The first pic in post 27 looks sweet!!!


----------



## Iverider (May 4, 2013)

Just saw a similar chainring in this illustration.

http://thecabe.com/vbulletin/showthread.php?41303-1898-Mead

Don't know what other cues would lead to actual identification of a Mead, but that might be a start.
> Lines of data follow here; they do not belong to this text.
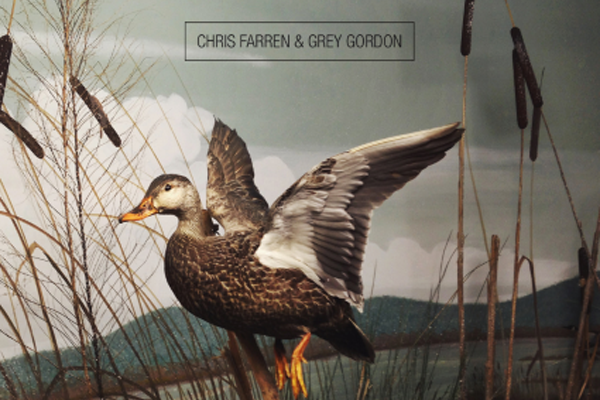 Grey Gordon / Chris Farren: 'Ducks Fly Together'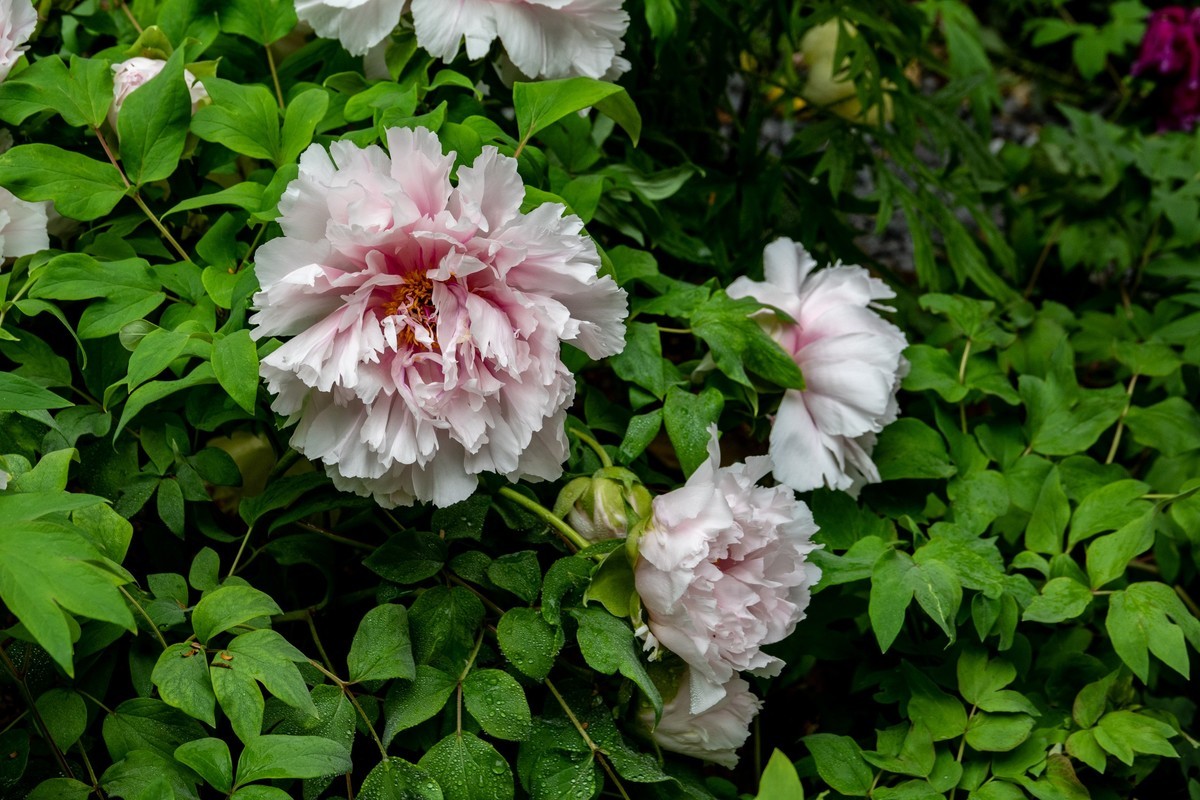 花枝招展（458）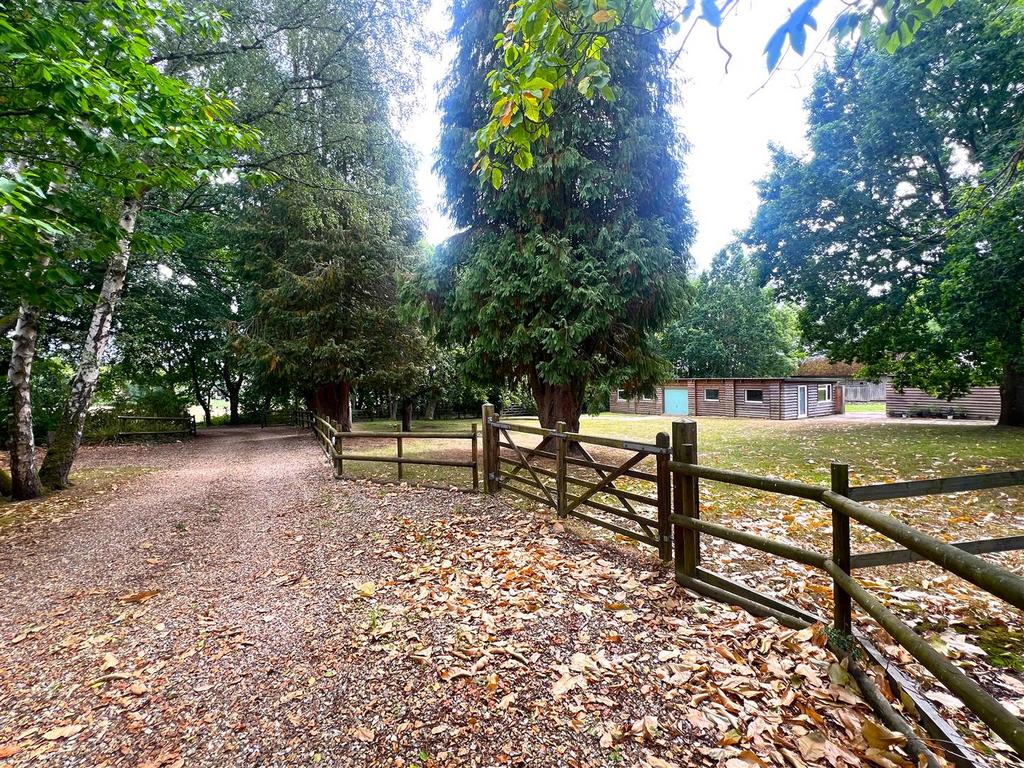 Driveway.jpg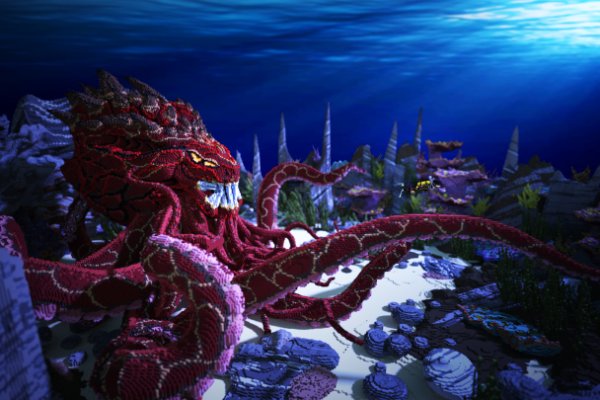 Kraken площадка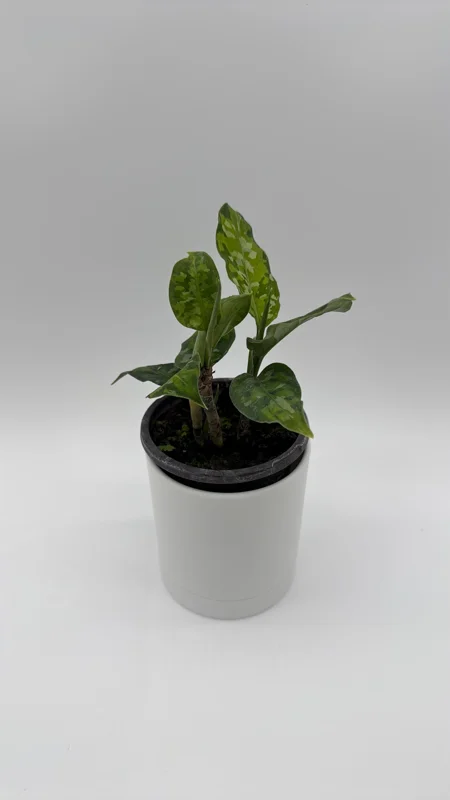 Aglaonema Pictum Tricolor Live Plant – Camouflage Aglaonema 4” Pot – Indoor Foliage Aglaonema Pictum Tricolor Live Plant – Camouflage Aglaonema 4” Pot – Indoor Foliage - Image 3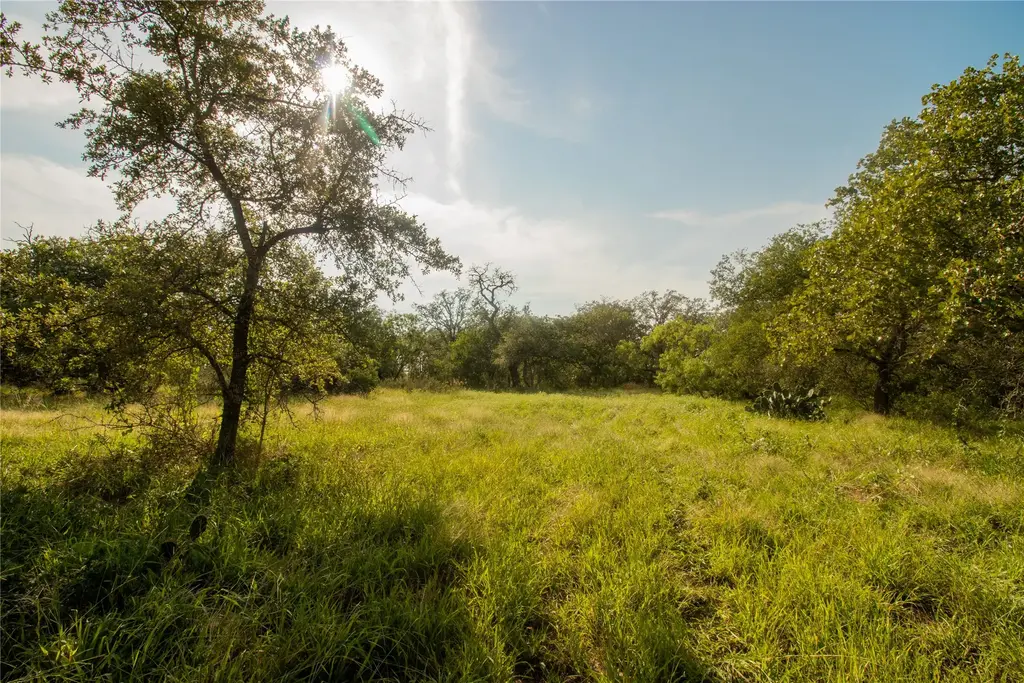 437 Firefly Field Lane, Seguin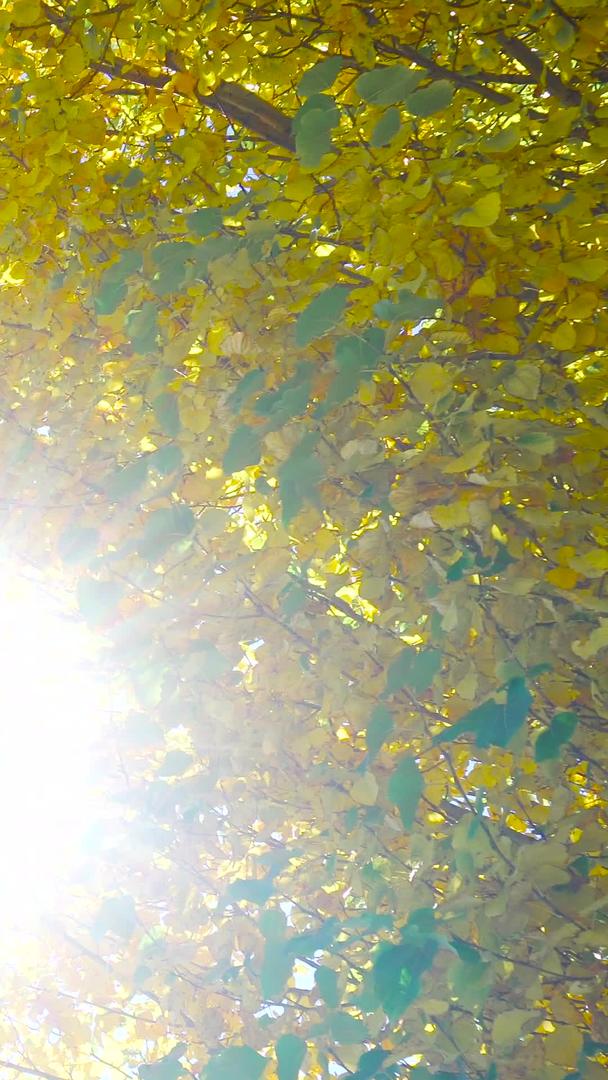 秋天阳光明媚秋天银杏黄叶秋天视频的预览图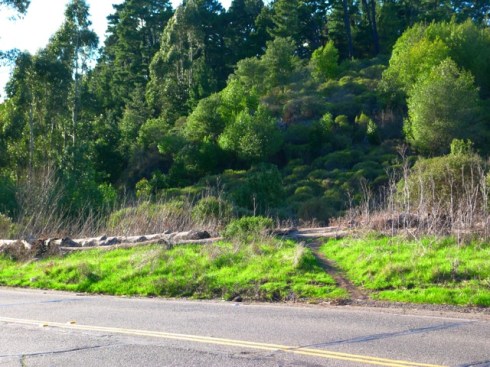 Beginning of Side Hill Trail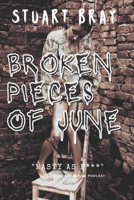 Broken pieces of June B09TGM87DT Book Cover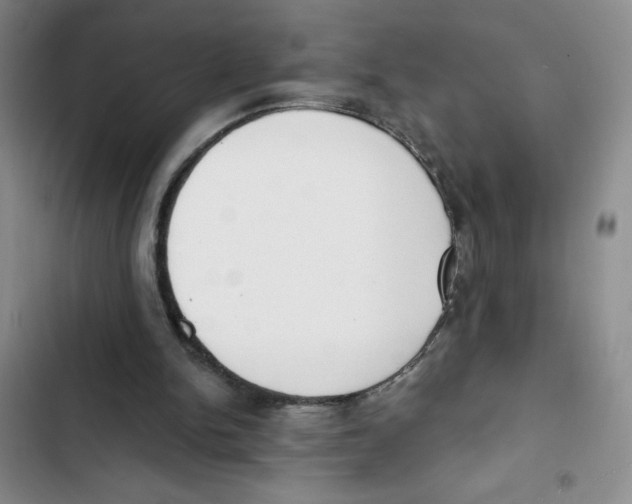 X0000102810150200809150959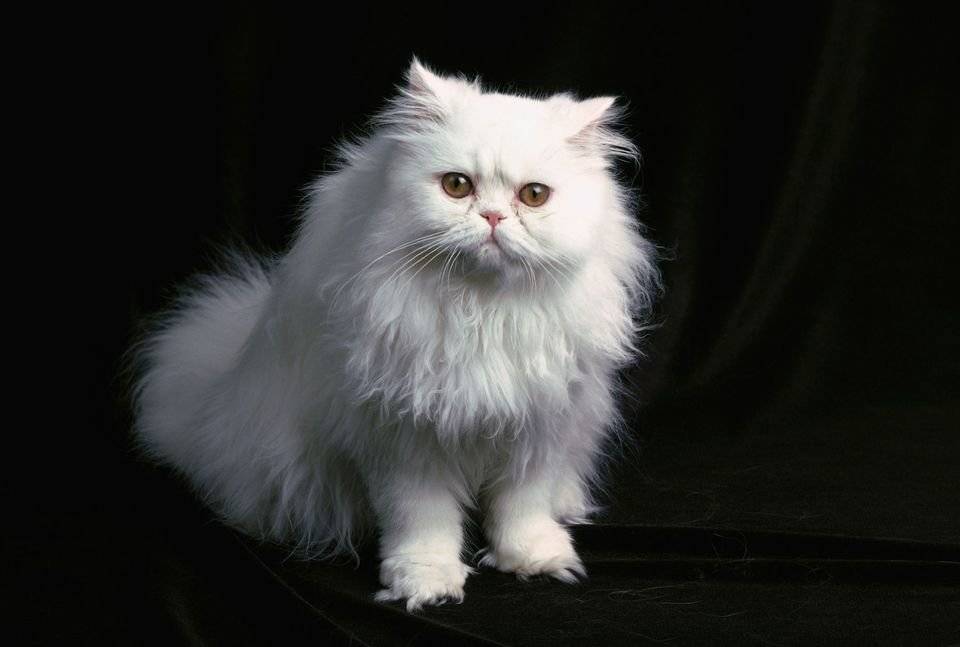 Персидская кошка: описание породы и характера, особенности ухода, цена, фото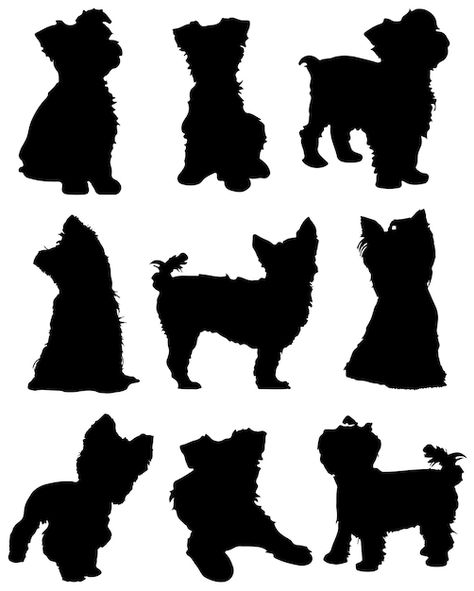 Cricut Joy Projects, Cute Monkeys, Dog Vector, Kittens And Puppies, Cairn Terrier, Dog Silhouette, Cricut Joy, Terrier Dogs, Terrier Dog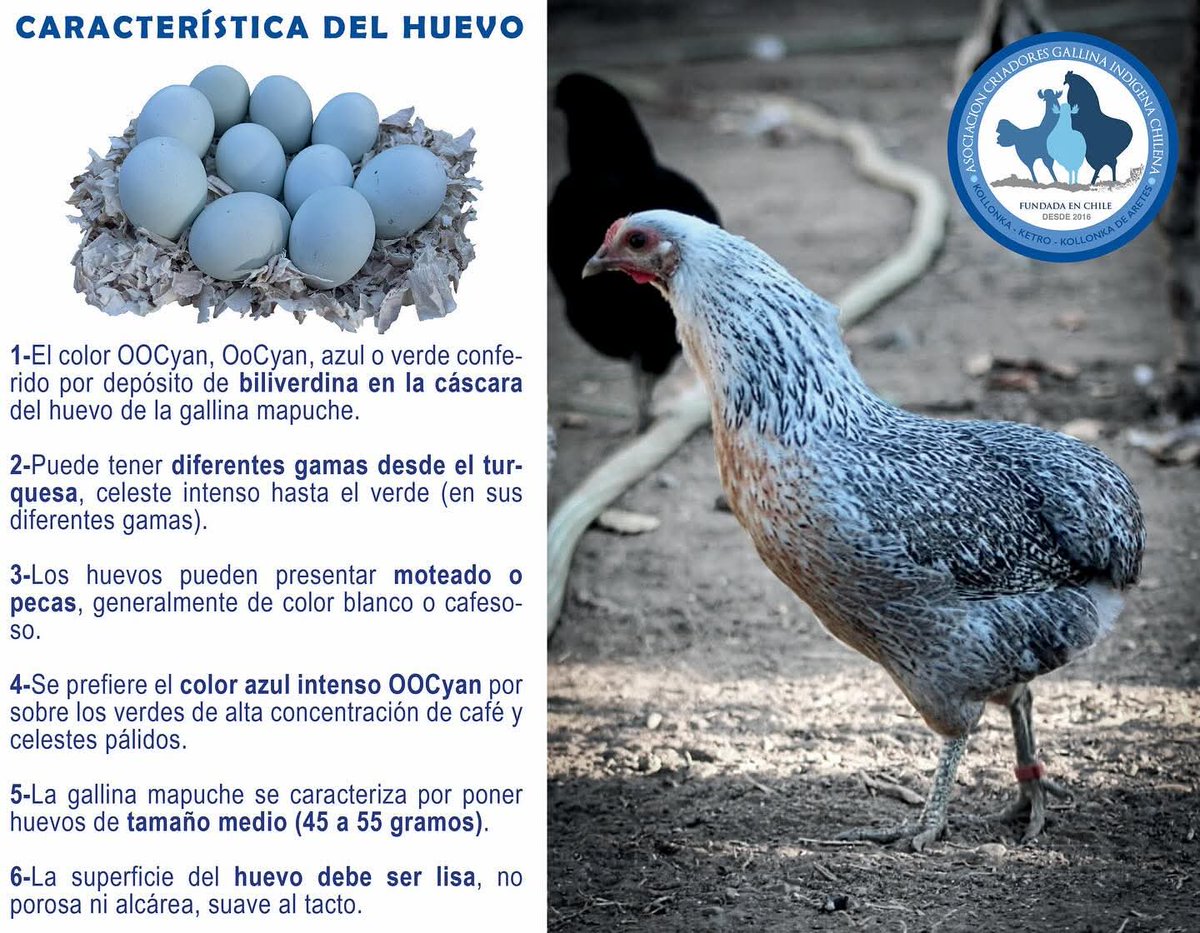 GMapuches's tweet photo. Característica del huevo de nuestra gallina. 

Es propio de nuestra historia, y que estuvo a punto de extinguirse, pero hoy podemos decir que a nivel nacional tenemos una producción y una calidad potente. Muchos criadores se han esforzado y le han entregado amor a las aves. https://t.co/hDbq4SmxVO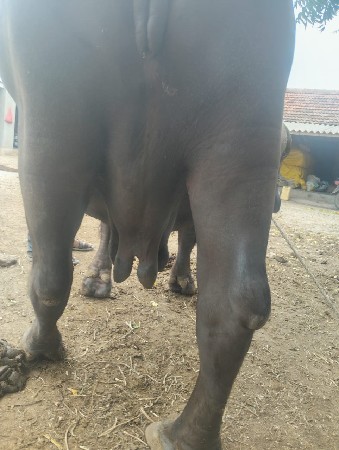 ભેંશ વેચવા નિ છે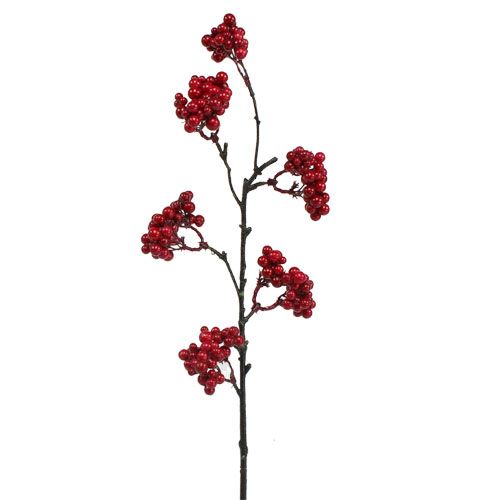 Floristik24 Marjan oksa punainen 50cm 4kpl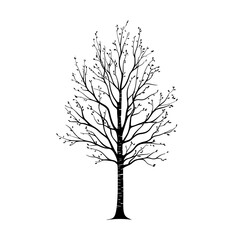 Black silhouette of a bare tree with branches.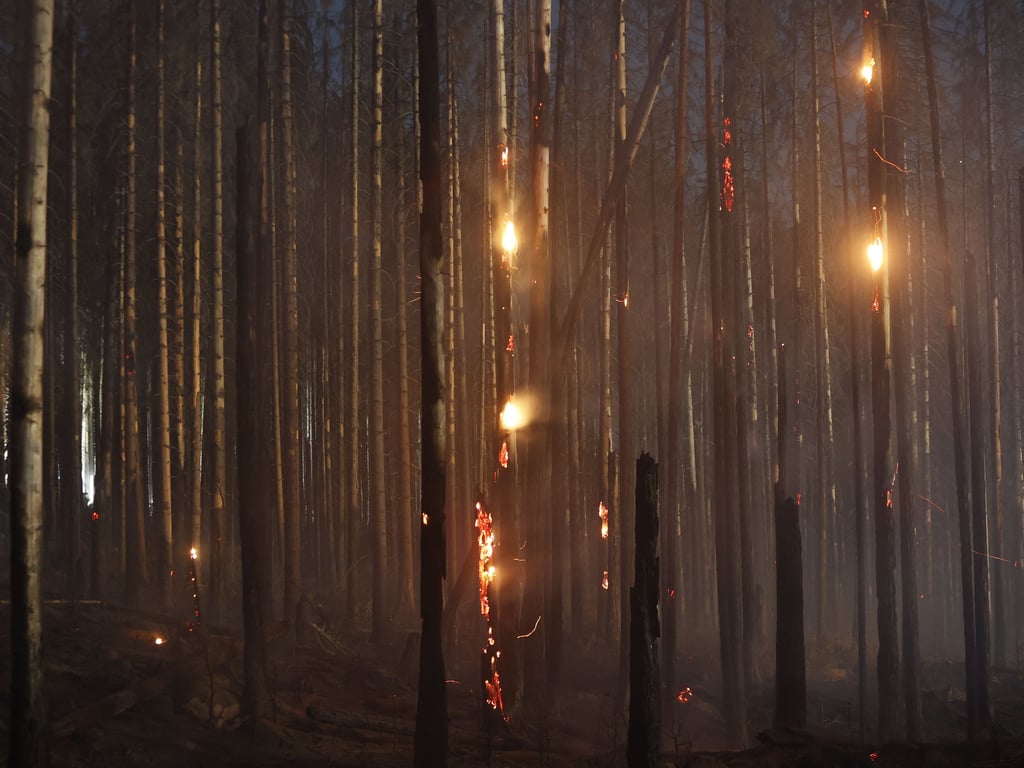 Flammen lodern in der Nacht im Nationalpark Harz bei Schierke. Seit Donnerstag brennt eine größere Waldfläche im Nationalparkgebiet Harz.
New saddle looks much better!


----------



## rlhender (Jun 12, 2013)

Here are a few pics of the progress...Black paint and some plate added to the fork, hope to have all of the plated parts back next week


----------



## rlhender (Jun 12, 2013)

Still looking for a make on this bike

Thanks


----------



## Oldnut (Jun 12, 2013)

Great bike wow


----------



## Larmo63 (Jun 12, 2013)

Sure is purdy...............!


----------



## rlhender (Jun 16, 2013)

Anyone know what kind of badge would have been on this frame? I do not see where any holes were in frame so i must have been a glue on?

Rick


----------



## bricycle (Jun 16, 2013)

Rick, that thing is SWEET!


----------



## rlhender (Jun 16, 2013)

Thanks..

The rest of parts should be done this week and I need to get a badge

Rick


----------



## rlhender (Dec 18, 2013)

Here are a few pics of some progress on the bike, all parts have been stripped and polished ready for chrome


----------



## Larmo63 (Dec 18, 2013)

All plated parts should be nickel..........


----------



## GiovanniLiCalsi (Dec 18, 2013)

rlhender said:


> Here are a few pics of some progress on the bike, all parts have been stripped and polished ready for chrome




Fauber crankset.


----------



## fordsnake (Dec 18, 2013)

Very nice! Are you still looking for the manufacturer of this bike?


----------



## fordsnake (Dec 19, 2013)

The Fauber star chainring was very prized and used on several high end bikes...plus offered as a premium option on many bikes  




Here are a few bikes from 1899 with the same frame geometry.  All of these bikes have the same loop behind the seat, the expander seat post and the Fauber star chainring.

















The last two same frame as yours...upgrades were offered.


----------



## rlhender (Dec 19, 2013)

Thanks for the pics...This frame shows no sign of headbadge holes, would it have been a stick on? Also the polisher lost my sprocket bolts if anyone has a set I would be intersted in buying them.

Thanks


----------



## GiovanniLiCalsi (Dec 19, 2013)

You may want to just source out some stainless steel fasteners at the hardware store.


----------



## rlhender (Dec 19, 2013)

Thanks, I think I found them. 

Rick


----------